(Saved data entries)

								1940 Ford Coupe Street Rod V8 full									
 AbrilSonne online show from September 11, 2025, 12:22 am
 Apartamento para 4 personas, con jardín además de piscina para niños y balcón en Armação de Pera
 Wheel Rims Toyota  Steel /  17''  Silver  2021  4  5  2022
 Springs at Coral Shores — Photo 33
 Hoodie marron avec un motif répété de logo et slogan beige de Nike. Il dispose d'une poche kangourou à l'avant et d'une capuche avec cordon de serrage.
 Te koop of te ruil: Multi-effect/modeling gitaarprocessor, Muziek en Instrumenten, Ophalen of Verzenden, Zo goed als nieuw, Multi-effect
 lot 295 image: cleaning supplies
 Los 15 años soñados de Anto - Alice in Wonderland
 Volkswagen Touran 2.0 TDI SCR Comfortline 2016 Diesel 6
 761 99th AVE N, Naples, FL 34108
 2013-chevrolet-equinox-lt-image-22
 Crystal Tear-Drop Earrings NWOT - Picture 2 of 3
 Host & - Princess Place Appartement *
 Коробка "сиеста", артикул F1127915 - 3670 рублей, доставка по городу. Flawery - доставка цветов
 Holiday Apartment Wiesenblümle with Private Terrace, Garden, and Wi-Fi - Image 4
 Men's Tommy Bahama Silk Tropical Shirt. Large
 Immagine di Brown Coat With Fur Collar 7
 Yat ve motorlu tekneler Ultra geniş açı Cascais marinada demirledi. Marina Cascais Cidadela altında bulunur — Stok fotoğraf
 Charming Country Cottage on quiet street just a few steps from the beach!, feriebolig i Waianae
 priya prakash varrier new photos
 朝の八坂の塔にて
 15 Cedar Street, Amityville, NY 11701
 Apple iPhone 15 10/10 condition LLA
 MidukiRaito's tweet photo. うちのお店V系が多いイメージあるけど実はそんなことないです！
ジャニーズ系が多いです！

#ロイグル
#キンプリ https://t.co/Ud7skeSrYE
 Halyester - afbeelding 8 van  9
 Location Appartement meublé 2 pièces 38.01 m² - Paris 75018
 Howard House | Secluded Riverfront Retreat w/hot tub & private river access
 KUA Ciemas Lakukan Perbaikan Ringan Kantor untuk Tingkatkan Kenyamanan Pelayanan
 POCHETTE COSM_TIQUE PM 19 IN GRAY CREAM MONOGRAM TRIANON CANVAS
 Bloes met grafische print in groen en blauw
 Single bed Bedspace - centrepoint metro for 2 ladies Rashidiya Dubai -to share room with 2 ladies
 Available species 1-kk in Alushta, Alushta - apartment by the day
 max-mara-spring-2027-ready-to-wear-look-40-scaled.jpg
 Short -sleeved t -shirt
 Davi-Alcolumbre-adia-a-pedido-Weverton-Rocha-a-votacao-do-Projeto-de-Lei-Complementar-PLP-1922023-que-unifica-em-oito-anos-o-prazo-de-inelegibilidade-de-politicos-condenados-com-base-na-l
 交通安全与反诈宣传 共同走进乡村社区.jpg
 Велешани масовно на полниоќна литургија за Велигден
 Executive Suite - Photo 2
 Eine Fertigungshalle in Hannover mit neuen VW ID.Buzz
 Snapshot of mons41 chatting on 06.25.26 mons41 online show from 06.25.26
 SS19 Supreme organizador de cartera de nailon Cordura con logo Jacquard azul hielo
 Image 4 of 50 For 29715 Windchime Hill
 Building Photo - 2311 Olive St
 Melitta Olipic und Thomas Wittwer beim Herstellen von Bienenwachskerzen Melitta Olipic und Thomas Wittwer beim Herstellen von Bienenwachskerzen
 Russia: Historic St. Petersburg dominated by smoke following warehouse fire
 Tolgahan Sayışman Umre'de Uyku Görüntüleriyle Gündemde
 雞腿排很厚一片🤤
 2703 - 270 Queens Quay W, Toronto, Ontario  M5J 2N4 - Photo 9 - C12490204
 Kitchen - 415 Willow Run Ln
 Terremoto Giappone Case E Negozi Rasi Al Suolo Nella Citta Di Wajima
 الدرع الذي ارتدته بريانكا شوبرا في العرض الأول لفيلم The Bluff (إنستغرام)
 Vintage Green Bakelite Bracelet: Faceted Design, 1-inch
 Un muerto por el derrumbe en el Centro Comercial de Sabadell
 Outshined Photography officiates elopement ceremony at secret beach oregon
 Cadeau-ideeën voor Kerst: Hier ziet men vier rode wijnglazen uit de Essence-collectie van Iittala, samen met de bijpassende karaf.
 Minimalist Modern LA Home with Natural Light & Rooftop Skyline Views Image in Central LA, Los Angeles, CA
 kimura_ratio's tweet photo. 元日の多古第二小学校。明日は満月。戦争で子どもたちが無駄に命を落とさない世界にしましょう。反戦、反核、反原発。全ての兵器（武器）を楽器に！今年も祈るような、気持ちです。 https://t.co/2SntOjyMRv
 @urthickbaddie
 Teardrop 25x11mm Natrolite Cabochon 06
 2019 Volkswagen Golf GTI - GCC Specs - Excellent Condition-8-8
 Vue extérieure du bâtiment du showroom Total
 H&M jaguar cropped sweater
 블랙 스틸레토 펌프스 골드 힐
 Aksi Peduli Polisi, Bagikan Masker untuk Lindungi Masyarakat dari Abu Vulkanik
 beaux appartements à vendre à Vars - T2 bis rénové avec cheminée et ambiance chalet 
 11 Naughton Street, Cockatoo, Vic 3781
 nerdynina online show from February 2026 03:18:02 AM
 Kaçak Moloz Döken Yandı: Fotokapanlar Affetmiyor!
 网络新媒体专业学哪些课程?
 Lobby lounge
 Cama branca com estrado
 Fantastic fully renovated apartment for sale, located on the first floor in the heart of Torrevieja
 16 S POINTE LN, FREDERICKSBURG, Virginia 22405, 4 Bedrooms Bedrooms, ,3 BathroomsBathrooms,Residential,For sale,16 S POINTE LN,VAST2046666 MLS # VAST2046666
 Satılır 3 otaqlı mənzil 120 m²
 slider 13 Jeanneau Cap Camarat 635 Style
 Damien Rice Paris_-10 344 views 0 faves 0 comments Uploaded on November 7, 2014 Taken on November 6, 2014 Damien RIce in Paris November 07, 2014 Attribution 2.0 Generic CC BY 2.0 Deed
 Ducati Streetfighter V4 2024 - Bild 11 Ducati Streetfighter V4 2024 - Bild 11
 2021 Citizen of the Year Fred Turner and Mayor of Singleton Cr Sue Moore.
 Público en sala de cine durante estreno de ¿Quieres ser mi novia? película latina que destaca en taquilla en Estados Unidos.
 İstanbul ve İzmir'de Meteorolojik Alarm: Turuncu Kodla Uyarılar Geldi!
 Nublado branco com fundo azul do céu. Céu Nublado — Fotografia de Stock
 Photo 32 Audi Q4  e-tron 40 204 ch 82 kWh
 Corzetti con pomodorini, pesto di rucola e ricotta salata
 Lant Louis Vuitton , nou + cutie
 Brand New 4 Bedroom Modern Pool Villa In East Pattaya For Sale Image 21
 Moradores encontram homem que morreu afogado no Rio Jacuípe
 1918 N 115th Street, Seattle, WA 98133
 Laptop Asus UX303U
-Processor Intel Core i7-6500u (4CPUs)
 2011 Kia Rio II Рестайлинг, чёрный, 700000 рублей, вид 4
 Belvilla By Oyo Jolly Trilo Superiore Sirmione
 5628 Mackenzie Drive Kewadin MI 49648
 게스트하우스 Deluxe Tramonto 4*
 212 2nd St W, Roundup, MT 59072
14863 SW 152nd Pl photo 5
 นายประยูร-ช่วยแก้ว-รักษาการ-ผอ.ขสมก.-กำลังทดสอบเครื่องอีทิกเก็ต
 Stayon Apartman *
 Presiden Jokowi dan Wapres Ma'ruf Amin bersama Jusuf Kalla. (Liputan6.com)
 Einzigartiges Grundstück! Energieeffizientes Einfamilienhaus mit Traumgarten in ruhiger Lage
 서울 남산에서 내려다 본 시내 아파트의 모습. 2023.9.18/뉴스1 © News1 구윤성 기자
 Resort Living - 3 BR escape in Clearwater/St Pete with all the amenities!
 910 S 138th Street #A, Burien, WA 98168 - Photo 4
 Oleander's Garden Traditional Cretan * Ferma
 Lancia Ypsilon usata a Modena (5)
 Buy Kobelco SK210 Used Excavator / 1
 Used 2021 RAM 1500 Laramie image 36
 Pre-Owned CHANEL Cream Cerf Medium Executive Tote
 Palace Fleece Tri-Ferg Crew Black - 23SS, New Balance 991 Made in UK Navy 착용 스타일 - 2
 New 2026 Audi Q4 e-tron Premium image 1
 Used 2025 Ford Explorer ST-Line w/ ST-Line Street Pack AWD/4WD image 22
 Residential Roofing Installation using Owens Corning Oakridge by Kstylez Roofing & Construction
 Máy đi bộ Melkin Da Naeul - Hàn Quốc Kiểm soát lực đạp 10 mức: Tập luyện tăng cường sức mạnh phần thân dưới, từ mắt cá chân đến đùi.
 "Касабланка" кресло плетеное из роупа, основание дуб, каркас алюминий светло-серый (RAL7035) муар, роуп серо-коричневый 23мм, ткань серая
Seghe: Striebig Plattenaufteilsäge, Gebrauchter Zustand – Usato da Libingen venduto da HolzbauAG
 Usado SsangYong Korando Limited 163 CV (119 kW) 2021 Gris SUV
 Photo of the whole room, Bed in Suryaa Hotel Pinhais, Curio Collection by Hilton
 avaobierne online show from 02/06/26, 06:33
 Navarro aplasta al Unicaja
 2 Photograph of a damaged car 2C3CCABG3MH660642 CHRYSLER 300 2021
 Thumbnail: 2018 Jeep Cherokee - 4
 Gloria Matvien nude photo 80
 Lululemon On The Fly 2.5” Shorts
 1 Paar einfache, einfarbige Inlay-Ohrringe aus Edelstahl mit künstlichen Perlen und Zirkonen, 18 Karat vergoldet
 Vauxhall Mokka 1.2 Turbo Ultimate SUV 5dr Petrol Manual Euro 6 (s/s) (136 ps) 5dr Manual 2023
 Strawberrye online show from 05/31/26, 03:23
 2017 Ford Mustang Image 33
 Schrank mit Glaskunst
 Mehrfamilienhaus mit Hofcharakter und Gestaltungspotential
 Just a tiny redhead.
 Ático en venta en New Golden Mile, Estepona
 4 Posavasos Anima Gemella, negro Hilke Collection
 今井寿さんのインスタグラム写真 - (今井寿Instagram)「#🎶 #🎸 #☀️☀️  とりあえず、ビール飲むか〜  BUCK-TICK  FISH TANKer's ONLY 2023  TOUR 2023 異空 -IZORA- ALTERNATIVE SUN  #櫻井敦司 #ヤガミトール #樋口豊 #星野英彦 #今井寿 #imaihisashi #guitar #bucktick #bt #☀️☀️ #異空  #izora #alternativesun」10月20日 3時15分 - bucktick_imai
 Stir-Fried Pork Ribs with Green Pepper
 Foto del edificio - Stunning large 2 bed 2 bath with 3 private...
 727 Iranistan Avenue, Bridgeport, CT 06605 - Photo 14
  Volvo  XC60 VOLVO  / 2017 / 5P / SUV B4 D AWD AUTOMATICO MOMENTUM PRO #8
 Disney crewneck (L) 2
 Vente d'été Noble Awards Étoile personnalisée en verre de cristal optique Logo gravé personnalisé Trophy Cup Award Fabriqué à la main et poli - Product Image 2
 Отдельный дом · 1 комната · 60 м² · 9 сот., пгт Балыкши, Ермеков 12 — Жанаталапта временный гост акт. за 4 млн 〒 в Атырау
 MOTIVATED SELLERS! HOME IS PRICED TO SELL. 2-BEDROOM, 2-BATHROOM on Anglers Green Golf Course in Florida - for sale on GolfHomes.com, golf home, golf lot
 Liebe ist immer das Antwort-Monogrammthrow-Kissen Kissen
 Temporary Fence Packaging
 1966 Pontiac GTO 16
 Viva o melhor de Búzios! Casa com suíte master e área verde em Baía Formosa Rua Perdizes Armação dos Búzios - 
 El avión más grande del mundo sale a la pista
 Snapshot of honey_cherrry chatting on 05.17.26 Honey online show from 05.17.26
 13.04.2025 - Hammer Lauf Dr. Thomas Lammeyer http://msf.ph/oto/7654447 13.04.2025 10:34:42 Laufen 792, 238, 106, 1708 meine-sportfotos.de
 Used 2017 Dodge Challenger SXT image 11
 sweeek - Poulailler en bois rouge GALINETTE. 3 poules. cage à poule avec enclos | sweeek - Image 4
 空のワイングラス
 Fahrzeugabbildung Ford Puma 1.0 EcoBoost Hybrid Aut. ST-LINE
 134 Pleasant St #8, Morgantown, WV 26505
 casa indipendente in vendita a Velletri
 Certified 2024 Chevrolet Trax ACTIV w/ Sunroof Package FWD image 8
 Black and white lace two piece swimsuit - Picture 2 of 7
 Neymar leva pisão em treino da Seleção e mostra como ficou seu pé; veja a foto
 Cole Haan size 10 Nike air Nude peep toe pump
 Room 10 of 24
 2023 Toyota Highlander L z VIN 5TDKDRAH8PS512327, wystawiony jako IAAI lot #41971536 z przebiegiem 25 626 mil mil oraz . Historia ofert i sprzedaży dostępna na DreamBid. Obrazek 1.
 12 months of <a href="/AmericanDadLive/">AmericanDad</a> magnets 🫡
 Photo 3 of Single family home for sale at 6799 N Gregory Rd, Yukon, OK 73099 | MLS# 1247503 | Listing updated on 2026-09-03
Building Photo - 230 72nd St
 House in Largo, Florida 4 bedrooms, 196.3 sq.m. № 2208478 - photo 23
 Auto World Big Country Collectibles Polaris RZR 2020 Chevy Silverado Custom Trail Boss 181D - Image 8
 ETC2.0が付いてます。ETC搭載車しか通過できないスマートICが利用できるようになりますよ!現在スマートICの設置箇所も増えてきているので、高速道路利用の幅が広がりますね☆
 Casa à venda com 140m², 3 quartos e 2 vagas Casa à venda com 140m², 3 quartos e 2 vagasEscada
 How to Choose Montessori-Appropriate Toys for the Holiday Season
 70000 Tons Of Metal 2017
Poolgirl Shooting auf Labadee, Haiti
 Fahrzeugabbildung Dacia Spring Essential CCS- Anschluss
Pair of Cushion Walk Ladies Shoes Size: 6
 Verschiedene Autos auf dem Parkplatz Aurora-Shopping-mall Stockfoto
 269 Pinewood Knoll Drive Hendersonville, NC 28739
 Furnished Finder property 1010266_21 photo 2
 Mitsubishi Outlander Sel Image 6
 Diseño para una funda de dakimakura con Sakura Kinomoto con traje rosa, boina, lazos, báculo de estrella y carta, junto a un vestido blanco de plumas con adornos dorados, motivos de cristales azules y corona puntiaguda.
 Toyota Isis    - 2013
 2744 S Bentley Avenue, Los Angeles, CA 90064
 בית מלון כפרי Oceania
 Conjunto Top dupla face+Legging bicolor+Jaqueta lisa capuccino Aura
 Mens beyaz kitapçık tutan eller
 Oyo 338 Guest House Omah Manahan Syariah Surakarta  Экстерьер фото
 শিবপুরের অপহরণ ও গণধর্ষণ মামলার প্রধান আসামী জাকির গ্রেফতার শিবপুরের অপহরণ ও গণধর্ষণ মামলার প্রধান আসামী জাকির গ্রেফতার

== Work request ==
Reproduce the lines of the entries above from the one with "Corzetti con pomodorini, pesto" to the one with "Used 2025 Ford", both included, exactly and without any other line.

== Output ==
 Corzetti con pomodorini, pesto di rucola e ricotta salata
 Lant Louis Vuitton , nou + cutie
 Brand New 4 Bedroom Modern Pool Villa In East Pattaya For Sale Image 21
 Moradores encontram homem que morreu afogado no Rio Jacuípe
 1918 N 115th Street, Seattle, WA 98133
 Laptop Asus UX303U
-Processor Intel Core i7-6500u (4CPUs)
 2011 Kia Rio II Рестайлинг, чёрный, 700000 рублей, вид 4
 Belvilla By Oyo Jolly Trilo Superiore Sirmione
 5628 Mackenzie Drive Kewadin MI 49648
 게스트하우스 Deluxe Tramonto 4*
 212 2nd St W, Roundup, MT 59072
14863 SW 152nd Pl photo 5
 นายประยูร-ช่วยแก้ว-รักษาการ-ผอ.ขสมก.-กำลังทดสอบเครื่องอีทิกเก็ต
 Stayon Apartman *
 Presiden Jokowi dan Wapres Ma'ruf Amin bersama Jusuf Kalla. (Liputan6.com)
 Einzigartiges Grundstück! Energieeffizientes Einfamilienhaus mit Traumgarten in ruhiger Lage
 서울 남산에서 내려다 본 시내 아파트의 모습. 2023.9.18/뉴스1 © News1 구윤성 기자
 Resort Living - 3 BR escape in Clearwater/St Pete with all the amenities!
 910 S 138th Street #A, Burien, WA 98168 - Photo 4
 Oleander's Garden Traditional Cretan * Ferma
 Lancia Ypsilon usata a Modena (5)
 Buy Kobelco SK210 Used Excavator / 1
 Used 2021 RAM 1500 Laramie image 36
 Pre-Owned CHANEL Cream Cerf Medium Executive Tote
 Palace Fleece Tri-Ferg Crew Black - 23SS, New Balance 991 Made in UK Navy 착용 스타일 - 2
 New 2026 Audi Q4 e-tron Premium image 1
 Used 2025 Ford Explorer ST-Line w/ ST-Line Street Pack AWD/4WD image 22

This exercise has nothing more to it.